ASSIGNMENT »
Give the following records again in full and without alteration.

+++

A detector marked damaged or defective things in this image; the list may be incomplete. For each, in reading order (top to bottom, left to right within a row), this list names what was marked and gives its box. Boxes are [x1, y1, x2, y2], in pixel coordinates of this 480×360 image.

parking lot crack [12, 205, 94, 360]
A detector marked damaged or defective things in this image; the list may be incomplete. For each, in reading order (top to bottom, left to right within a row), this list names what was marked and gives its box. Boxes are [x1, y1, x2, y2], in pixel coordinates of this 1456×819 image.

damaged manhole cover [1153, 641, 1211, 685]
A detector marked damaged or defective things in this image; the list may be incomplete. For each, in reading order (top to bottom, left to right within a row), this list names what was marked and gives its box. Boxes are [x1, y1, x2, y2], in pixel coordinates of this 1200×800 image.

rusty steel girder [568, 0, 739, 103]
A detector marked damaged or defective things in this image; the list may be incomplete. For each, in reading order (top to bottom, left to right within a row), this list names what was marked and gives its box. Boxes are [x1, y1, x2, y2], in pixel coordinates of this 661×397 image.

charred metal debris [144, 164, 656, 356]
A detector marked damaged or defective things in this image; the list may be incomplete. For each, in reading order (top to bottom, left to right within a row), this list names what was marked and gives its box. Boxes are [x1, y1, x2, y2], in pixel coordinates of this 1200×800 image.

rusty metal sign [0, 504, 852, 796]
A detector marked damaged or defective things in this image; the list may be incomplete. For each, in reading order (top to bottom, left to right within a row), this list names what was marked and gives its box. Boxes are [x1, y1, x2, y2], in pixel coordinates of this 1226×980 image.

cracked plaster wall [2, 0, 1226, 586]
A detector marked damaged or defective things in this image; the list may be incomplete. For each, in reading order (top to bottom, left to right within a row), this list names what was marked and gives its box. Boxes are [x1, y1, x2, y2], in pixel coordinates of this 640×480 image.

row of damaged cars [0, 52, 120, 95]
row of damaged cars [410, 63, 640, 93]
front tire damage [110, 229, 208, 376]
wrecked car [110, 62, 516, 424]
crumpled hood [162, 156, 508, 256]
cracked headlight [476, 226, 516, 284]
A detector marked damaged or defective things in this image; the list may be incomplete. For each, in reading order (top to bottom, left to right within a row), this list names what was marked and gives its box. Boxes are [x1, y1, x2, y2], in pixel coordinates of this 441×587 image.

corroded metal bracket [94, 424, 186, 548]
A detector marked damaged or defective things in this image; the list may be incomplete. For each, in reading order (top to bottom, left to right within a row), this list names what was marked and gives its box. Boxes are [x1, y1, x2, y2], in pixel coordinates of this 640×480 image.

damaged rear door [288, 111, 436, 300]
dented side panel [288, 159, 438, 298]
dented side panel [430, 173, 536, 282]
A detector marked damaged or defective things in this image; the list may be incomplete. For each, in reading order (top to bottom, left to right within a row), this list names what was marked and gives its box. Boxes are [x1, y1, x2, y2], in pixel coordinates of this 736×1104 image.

+++

RESPONSE AREA »
A detector marked damaged or defective things in this image; the list may be incomplete. For each, in reading order (top to bottom, left to right within a row), this list names what was marked and gives its box. Boxes are [x1, y1, x2, y2], in pixel coordinates of this 480×360 image.

parking lot crack [12, 205, 94, 360]
A detector marked damaged or defective things in this image; the list may be incomplete. For each, in reading order (top to bottom, left to right within a row), this list names what was marked and gives its box. Boxes are [x1, y1, x2, y2], in pixel coordinates of this 1456×819 image.

damaged manhole cover [1153, 641, 1211, 685]
A detector marked damaged or defective things in this image; the list may be incomplete. For each, in reading order (top to bottom, left to right within a row), this list names what was marked and gives its box. Boxes are [x1, y1, x2, y2], in pixel coordinates of this 1200×800 image.

rusty steel girder [568, 0, 739, 103]
A detector marked damaged or defective things in this image; the list may be incomplete. For each, in reading order (top to bottom, left to right within a row), this list names what was marked and gives its box. Boxes are [x1, y1, x2, y2], in pixel coordinates of this 661×397 image.

charred metal debris [144, 164, 656, 356]
A detector marked damaged or defective things in this image; the list may be incomplete. For each, in reading order (top to bottom, left to right within a row), this list names what was marked and gives its box. Boxes are [x1, y1, x2, y2], in pixel coordinates of this 1200×800 image.

rusty metal sign [0, 504, 852, 796]
A detector marked damaged or defective things in this image; the list may be incomplete. For each, in reading order (top to bottom, left to right within a row), this list names what was marked and gives its box. Boxes are [x1, y1, x2, y2], in pixel coordinates of this 1226×980 image.

cracked plaster wall [2, 0, 1226, 586]
A detector marked damaged or defective things in this image; the list may be incomplete. For each, in reading order (top to bottom, left to right within a row), this list names what was marked and gives its box. Boxes are [x1, y1, x2, y2], in pixel coordinates of this 640×480 image.

row of damaged cars [0, 52, 120, 95]
row of damaged cars [410, 63, 640, 93]
front tire damage [110, 229, 208, 376]
wrecked car [110, 62, 516, 424]
crumpled hood [162, 156, 508, 256]
cracked headlight [476, 226, 516, 284]
A detector marked damaged or defective things in this image; the list may be incomplete. For each, in reading order (top to bottom, left to right within a row), this list names what was marked and gives its box. Boxes are [x1, y1, x2, y2], in pixel coordinates of this 441×587 image.

corroded metal bracket [94, 424, 186, 548]
A detector marked damaged or defective things in this image; the list may be incomplete. For each, in reading order (top to bottom, left to right within a row), this list names what was marked and gives its box. Boxes are [x1, y1, x2, y2], in pixel coordinates of this 640×480 image.

damaged rear door [288, 111, 436, 300]
dented side panel [288, 159, 438, 298]
dented side panel [430, 173, 536, 282]
A detector marked damaged or defective things in this image; the list may be incomplete. For each, in reading order (top to bottom, left to right within a row), this list names what was marked and gives its box. Boxes are [x1, y1, x2, y2], in pixel coordinates of this 736×1104 image.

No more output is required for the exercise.